- The Washington Times - Tuesday, September 4, 2001

BUENA VISTA, Va. — Republican Mark L. Earley kicked off the stretch run to the Nov. 6 Virginia governor's election yesterday with a promise that he would carry through on the promises of the past eight years of Republican governors, and with sharp criticism of his opponent, Democrat Mark R. Warner, who he said opposed many of the key initiatives from those years.

"It's going to boil down to this — who can you trust to keep the promises to the people of Virginia," Mr. Earley told the crowd during the annual Labor Day festivities in this small town off Interstate 81, just east of Lexington.

But Mr. Warner denied opposing many of those policies, and said Mr. Earley was spending more time tearing down Democrats than proposing an agenda for the state. He said the choice on Election Day comes down to partisan politics of the Republicans or his own path of fiscal responsibility and new economic opportunities for all parts of the state.

"All I heard were negative personal attacks," he told the crowd, asking, "Are we tired of negative attacks in Virginia?"

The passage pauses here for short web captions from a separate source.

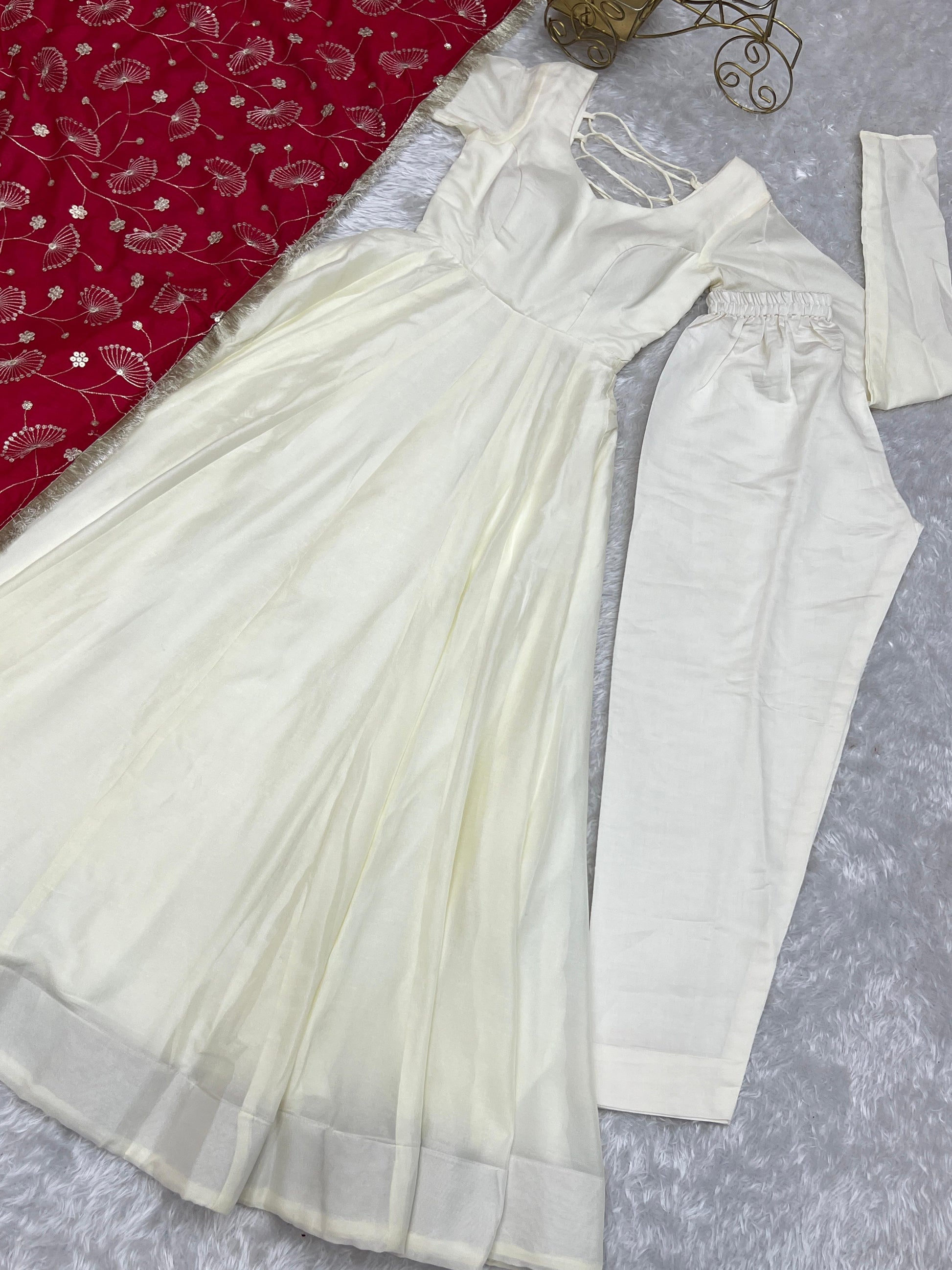 Winsome White Vichitra Silk Anarkali Pant Set With Beautiful Dupatta - INDIAN ELEGANCE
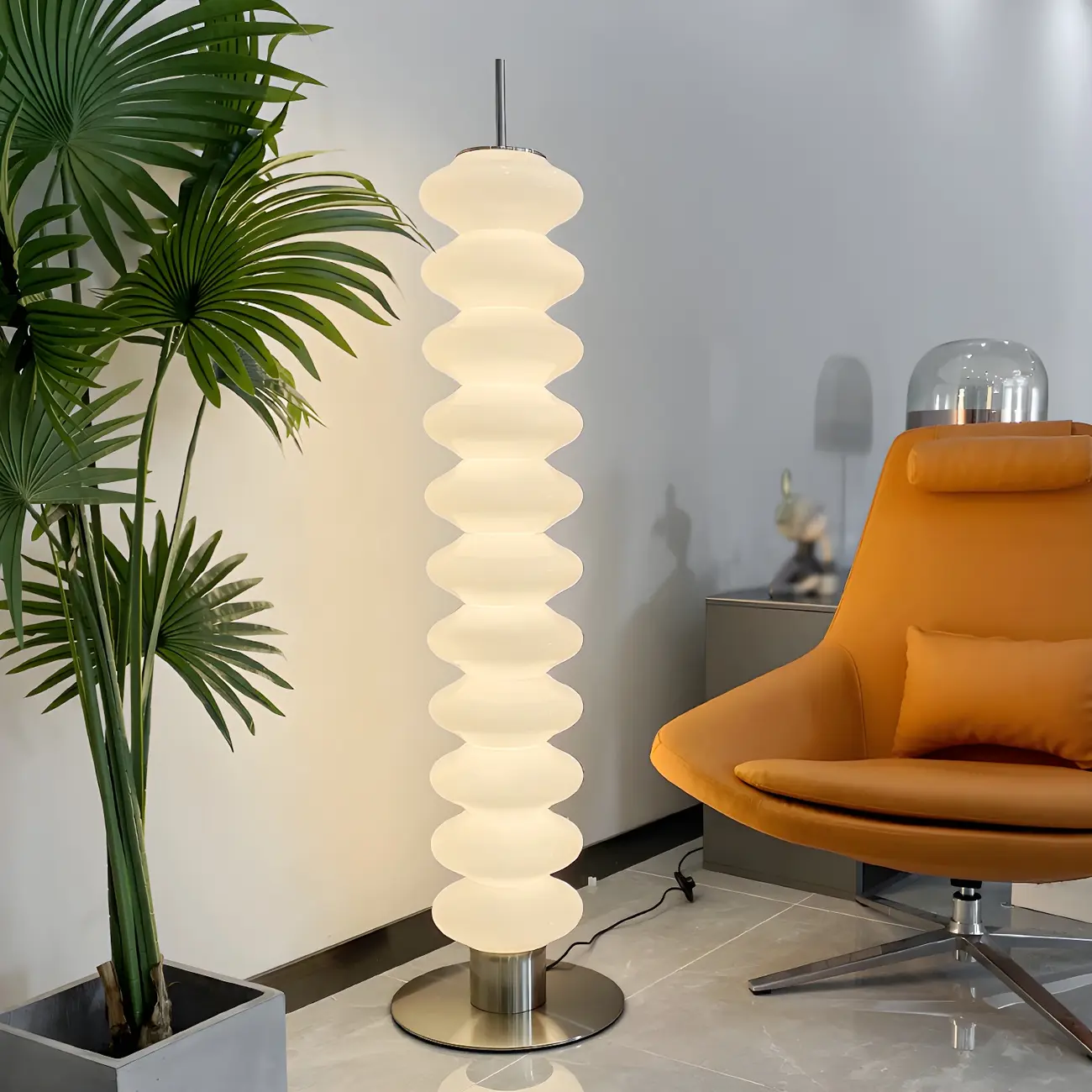 Standing White LED Glass Floor Lamp for Living Room Decor Image - 1 | homeyfad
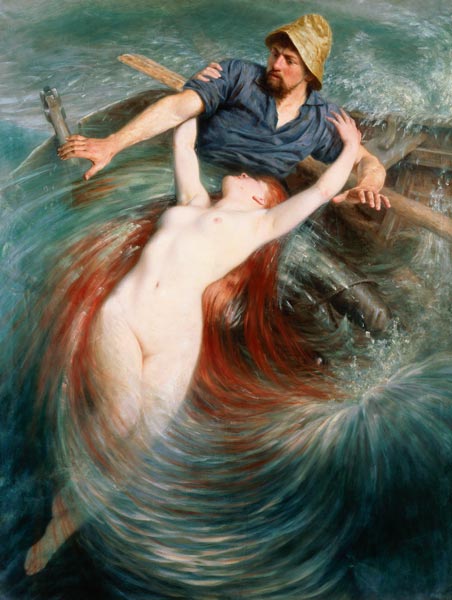 Ein Fischer in den Fängen einer Sirene. von Knut Ekvall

The Labor Day parade in Buena Vista and the political speeches at a park pavilion are staples of Virginia politics. The event is a chance for the campaigns to take measure of each other at the traditional start of the full campaign season.

Joining Mr. Earley were his ticket-mates: Delegate Jay Katzen, running for lieutenant governor, and former secretary of public safety Jerry Kilgore, running for attorney general. Joining Mr. Warner were Richmond Mayor Tim Kaine, running for lieutenant governor, and Delegate A. Donald McEachin, running for attorney general.

Mr. Earley, trailing Mr. Warner in polls by double digits, came out with a pointed message.

He listed successes orchestrated by Republicans Gov. James S. Gilmore III and George F. Allen, now in the U.S. Senate, including abolishing parole, reforming welfare, requiring that minors seeking abortions first notify their parents, creating the Standards of Learning and the tests to evaluate student performance, and phasing out the car tax.

He said Mr. Warner opposed most of those policies, and said the Democrat couldn't be trusted to carry through on them.

Mr. Warner disputed several of those charges.

"Let's set the record straight — I support welfare reform, I support abolition of parole, I support the death penalty, I'm against gay marriage, I support Second Amendment rights, and this kind of garbage that's coming out from the other side is nothing but false and misleading," he said.

After the speeches, he told reporters Mr. Earley's remarks were a sign of desperation, coming so early in the campaign: "I've been to a lot of Buena Vista parades, and I've never seen that kind of attack launched."

Also marching in the parade was Jerry Baxley, a Richmond resident who heads the Southern Party and is a write-in candidate for governor.

The campaigns traditionally try to upstage each other at the parade. There's an informal contest to post the most campaign signs along the parade route. This year was close to a draw, with perhaps a slight edge to Mr. Warner and his bigger group.

Another good sign for Mr. Warner was the large number of businesses that allowed campaign signs to be posted in their windows or on their walls especially on the side of Grizzly Archery, a coup for Mr. Warner, who is trying to woo sportsmen with his positions on gun rights and hunting.

Along the crowded parade route, Mr. Warner darted from one side to the other, not letting a hand escape unshaken. His frenetic pace left his shirt soaked with sweat by the time he was halfway through the route. Mr. Earley, meanwhile, kept a steady gait and arrived just beginning to perspire through his shirt.

Mr. Warner campaigned out of his assigned position in the route, a few yards ahead of Mr. Earley.

Republicans had their own ploy: A person dressed in a chicken costume, calling attention to Mr. Warner's not agreeing to more debates.